Bottom line -- we'll keep squabbling until ET comes to town and then we'll whip into line.

2 comments:

Bekkieann said...

That's an astute observation. The thing that troubles me, a liberal, is that the us/them applies to me and my conservative friends whose friendship I truly value. Do we have to avoid the topic that polarizes us? Can we discuss it without judging or hurting one another? The thing that divides us would seem to preclude even the possibility of friendship. But that isn't always the way it works out.

I have many friends and family members with whom I do not share political viewpoints, but I love them without any regard for that. With most of them, I avoid the topic.

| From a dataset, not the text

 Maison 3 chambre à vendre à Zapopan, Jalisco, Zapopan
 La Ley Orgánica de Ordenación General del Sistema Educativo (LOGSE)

On both your houses said...

I think that you, I, me, we, they, will simply have to agree to disagree and not talk about it. By the time one is an adult, they are pretty well set, politically. This is not an absolute, but seems to hold generally. Since I am offended by people who gratuitously insult their "them" in normal conversation, I try not to voice my opinions when I've not been asked for them (I save them for this blog). Can people have a deep friendship if they are on different sides of the fence? I think it depends on how passionate they are. Passion and reason are enemies. Eric Hoffer said something to the effect that every passionate attitude was a retreat from the self, and boy, do I wish I had said that.